ARLINGTON, TX - APRIL 19: Recording artist Thomas Rhett performs onstage during the 50th Academy Of Country Music Awards at AT&T Stadium on April 19, 2015 in Arlington, Texas. (Photo by Kevin Winter/ACM2015/Getty Images for dcp)

Kevin Winter/ACM2015/Getty Images

Thomas Rhett

As the son of Rhett Akins, a highly successful Nashville singer and songwriter, 25-year-old Thomas Rhett was steeped in country music. But one of his formative influences came from a different world. “When I was in sixth, seventh, eighth grade, Usher was so huge for me,” says Rhett, who mixed soul and funk with traditional twang on his excellent new single “Crash and Burn,” and took it straight to the top of iTunes’ country chart.

Rhett’s 2013 debut, It Goes Like This, which yielded three Number One singles, gave him confidence to try something more adventurous this time around. His as-yet-untitled next album (which he describes as a collection of throwback sounds) will include some straight country similar to his 2012 ballad “Beer With Jesus.” But it also leans heavily on a sound he compares to Bruno Mars’. “Funky R&B really does something to me,” says Rhett, who covers “Uptown Funk” on tour opening for Florida Georgia Line. “To be able to put all that on a country album is great.”
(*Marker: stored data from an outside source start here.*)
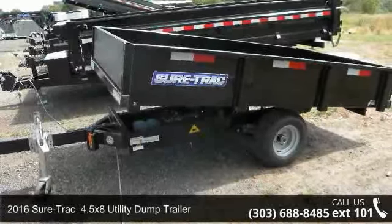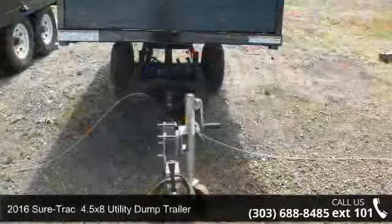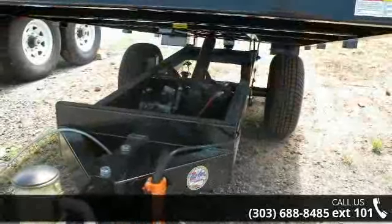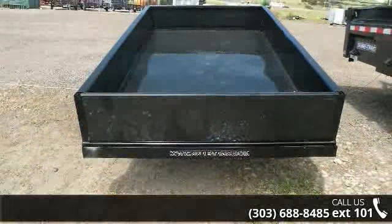Check out this 2016 Short Track. If you are looking for a quality trailer, consider this one. This unit is priced just right and comes equipped with many desirable features. For more details on this unit's features and options, follow the link in the description below.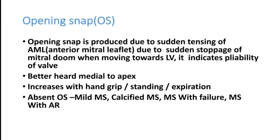The opening snap is caused by sudden tensing of the anterior mitral leaflet as the tight valve opens. It is best heard medial to the apex and increases with hand grip, standing, and expiration. Absent opening snap is seen in mild mitral stenosis, calcified mitral stenosis, mitral stenosis with heart failure, and mitral stenosis with dominant aortic regurgitation.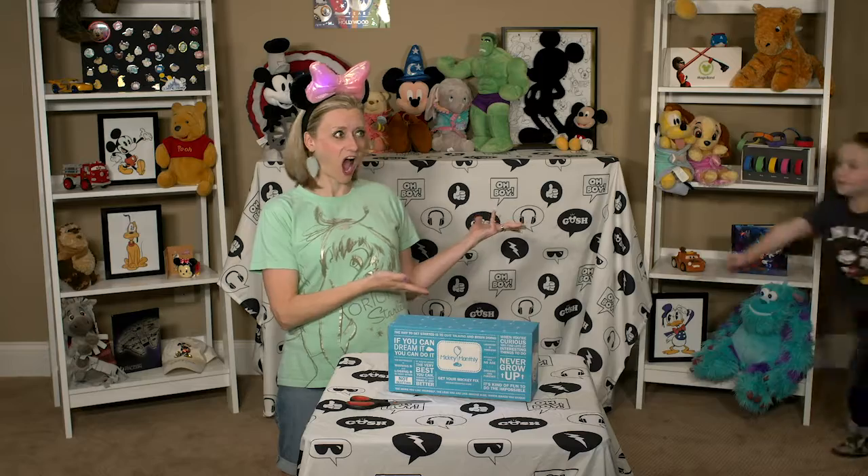Friends, humans, Disney fans, lend me your ears. Today we're opening up another Mickey Monthly box with the help of... Phoenix!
At an FGL tour stop this weekend in Wilkes-Barre, Pennsylvania, Rhett looked far different from the rock-leaning artist who opened for Chris Young in 2012 at Nashville’s Ryman Auditorium, where he bounded across the stage with a camouflage megaphone during the punky “Front Porch Junkies.” These days, he’s eliciting shrieks from the female segment of the crowd with some well-placed hip swivels and bass-heavy dance jams like set-opener “Southside” and recent Number One “Make Me Wanna.”

“I knew [‘Make Me Wanna’] had the potential to be a hit by the way people moved to it, even if they didn’t know the words,” Rhett says. “That’s always such a huge test for me.”

With “Crash and Burn,” however, Rhett says he knew the song was a hit before he even recorded the Chris Stapleton and Jesse Frasure-penned track.

“When I heard it for the first time, I didn’t even listen to the lyrics just because I was so entranced by the way the song sounded and how it felt. I fell in love with it just from the melody. When I went back and listened to the words, I loved the irony of how sad the song was, but how great the track felt,” he explains. “It was actually kind of hard to get that song cut, because none of us knew if Chris was going to cut it or what he was going to do with it. When he decided that he wasn’t going to, he texted me and said, ‘It’s all yours.’ . . . I’m super happy with how it came out.”

Rhett returns to the road with Florida Georgia Line tomorrow night in Providence, Rhode Island, and will perform on the main stage at LP Field during June’s CMA Music Festival in Nashville.